JVM

War Stories: Guava, Ehcache, Garbage Collection

We're in the process of moving all of our major business logic out of our clunky Drupal frontend to Java backend services, and we took another big step down that road this week by moving all of the logic for filtering of our product grids to our new integration service. This release was the culmination of months of work and planning that started at the beginning of the year, and it gets us over a major functionality hump. The results are looking good, we've saved almost 3s average page load time for this feature. Yes, that's right, three seconds per page load.

As you may guess from the title of this post, the release was not entirely smooth for our infrastructure team. The functionality got out successfully, but two hours after we released we started noticing slowness on the pages, and a quick audit showed frequent full GCs on the services. Some rogue caching was being exercised much more than we had seen during load testing. After some scrambling, we resized the machines and restarted the VMs with more memory. Fortunately the cache would only get so big, and we could quickly throw more memory onto the machines (thank the cloud!). Crisis averted, we set to fixing the caching so that we wouldn't hit slow FGCs.

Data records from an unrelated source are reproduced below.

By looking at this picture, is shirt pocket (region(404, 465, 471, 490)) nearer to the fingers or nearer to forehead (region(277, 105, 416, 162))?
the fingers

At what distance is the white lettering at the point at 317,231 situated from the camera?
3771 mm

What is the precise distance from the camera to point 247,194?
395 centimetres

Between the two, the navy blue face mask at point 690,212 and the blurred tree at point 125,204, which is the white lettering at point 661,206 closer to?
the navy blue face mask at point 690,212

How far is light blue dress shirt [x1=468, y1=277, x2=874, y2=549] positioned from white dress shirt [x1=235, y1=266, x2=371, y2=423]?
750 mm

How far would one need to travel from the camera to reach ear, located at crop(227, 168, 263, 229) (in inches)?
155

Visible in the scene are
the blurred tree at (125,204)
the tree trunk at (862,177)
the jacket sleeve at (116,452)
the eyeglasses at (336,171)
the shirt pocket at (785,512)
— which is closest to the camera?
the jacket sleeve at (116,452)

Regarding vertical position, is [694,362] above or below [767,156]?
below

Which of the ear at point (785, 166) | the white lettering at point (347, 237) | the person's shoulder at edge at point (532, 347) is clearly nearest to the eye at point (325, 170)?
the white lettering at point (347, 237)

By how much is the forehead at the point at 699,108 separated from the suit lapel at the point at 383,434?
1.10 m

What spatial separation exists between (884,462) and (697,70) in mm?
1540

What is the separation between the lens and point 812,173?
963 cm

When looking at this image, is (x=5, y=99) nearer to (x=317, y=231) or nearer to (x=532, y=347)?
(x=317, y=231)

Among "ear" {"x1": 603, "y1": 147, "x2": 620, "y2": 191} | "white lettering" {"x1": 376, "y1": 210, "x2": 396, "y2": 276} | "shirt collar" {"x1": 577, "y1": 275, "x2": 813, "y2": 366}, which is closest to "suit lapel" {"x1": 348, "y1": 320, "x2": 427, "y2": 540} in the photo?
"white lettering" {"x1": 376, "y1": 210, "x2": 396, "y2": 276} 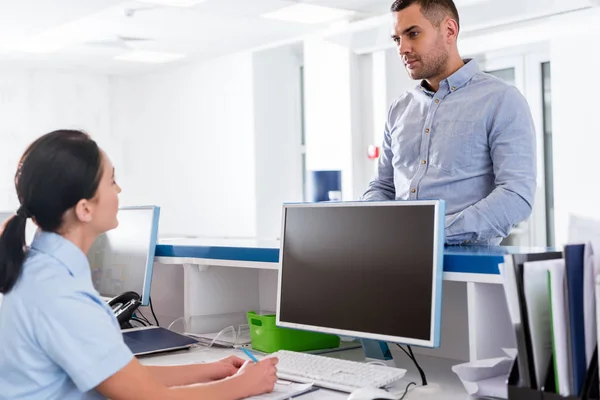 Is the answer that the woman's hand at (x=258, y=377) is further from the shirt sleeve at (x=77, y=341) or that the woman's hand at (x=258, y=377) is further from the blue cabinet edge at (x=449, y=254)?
the blue cabinet edge at (x=449, y=254)

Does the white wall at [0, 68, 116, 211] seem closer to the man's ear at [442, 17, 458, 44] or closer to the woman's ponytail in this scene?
the man's ear at [442, 17, 458, 44]

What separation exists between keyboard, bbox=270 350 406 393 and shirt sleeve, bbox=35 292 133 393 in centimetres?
49

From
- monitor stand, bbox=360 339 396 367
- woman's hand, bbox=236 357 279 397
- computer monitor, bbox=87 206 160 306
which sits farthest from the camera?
computer monitor, bbox=87 206 160 306

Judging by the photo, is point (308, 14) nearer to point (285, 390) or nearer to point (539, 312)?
point (285, 390)

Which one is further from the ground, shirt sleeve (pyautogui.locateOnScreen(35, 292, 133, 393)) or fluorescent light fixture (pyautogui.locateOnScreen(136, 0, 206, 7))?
fluorescent light fixture (pyautogui.locateOnScreen(136, 0, 206, 7))

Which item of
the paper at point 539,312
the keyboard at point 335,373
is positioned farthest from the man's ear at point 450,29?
the paper at point 539,312

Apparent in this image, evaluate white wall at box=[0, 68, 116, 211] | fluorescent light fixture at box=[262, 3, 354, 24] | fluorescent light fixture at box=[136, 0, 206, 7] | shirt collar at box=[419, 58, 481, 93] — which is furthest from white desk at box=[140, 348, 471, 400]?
white wall at box=[0, 68, 116, 211]

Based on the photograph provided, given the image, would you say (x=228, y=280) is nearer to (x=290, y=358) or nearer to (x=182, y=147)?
(x=290, y=358)

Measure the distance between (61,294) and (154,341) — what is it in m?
0.89

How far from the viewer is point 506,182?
197 cm

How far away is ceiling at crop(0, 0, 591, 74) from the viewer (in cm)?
574

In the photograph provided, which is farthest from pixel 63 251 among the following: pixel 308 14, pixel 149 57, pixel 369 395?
pixel 149 57

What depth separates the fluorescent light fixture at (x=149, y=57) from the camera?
773 centimetres

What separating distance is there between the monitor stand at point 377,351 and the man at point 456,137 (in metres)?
0.30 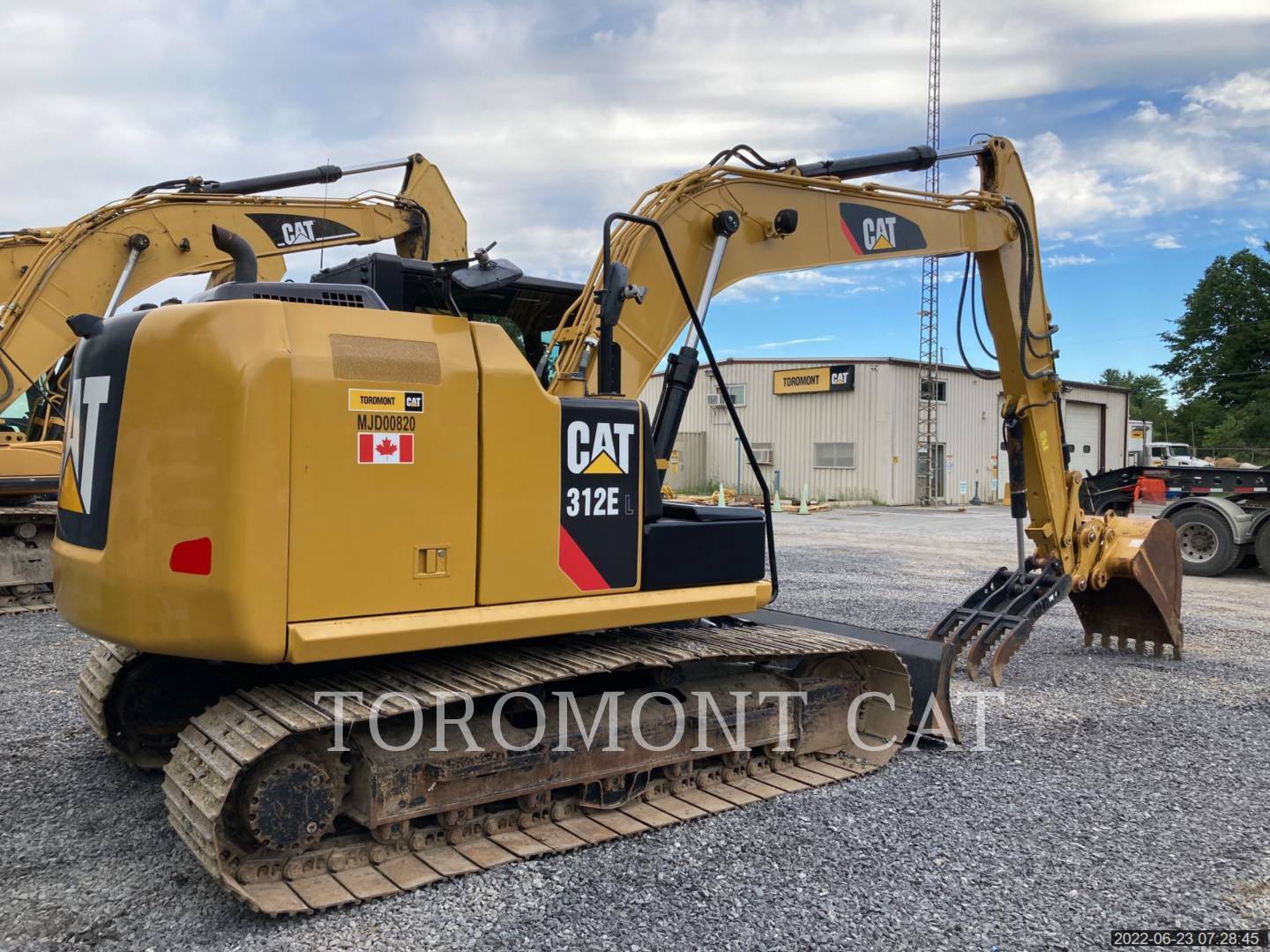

The fix seemed fairly straightforward; take the cache, which was originally caching parameters mapped to objects, and instead just cache the object primary ids. So the project lead coded up the fix, and we pushed it out. 

Here's the fix. Notice anything wrong? I didn't. We're big fans of Guava and use List transformers all over the place in our code base. So we load test that again, and it looks ok for what our load tests are minimally worth, so we push it onto one of our prod boxes and give it a spin.

At first, it seemed just fine. It hummed along, seeming to take less memory, but slowly but surely the heap grew and grew, and garbage collected more and more. We took it out of the load balancer, forced a full GC, and it still had over 600m of active heap memory. What was going on?

I finally took a heap dump and put the damned thing into MAT. Squinting at it sideways showed me that the memory was being held by Ehcache. No big surprise, we knew we were caching things. But why, then, was it so big? After digging into the references via one of the worst user interfaces known to man, I finally got to the bottom of an element, and saw something strange. Instead of the cache element containing a string key and a list of strings as the value, it contained some other object. And inside that object was another list, and a reference to something called "function", that pointed to our base class. 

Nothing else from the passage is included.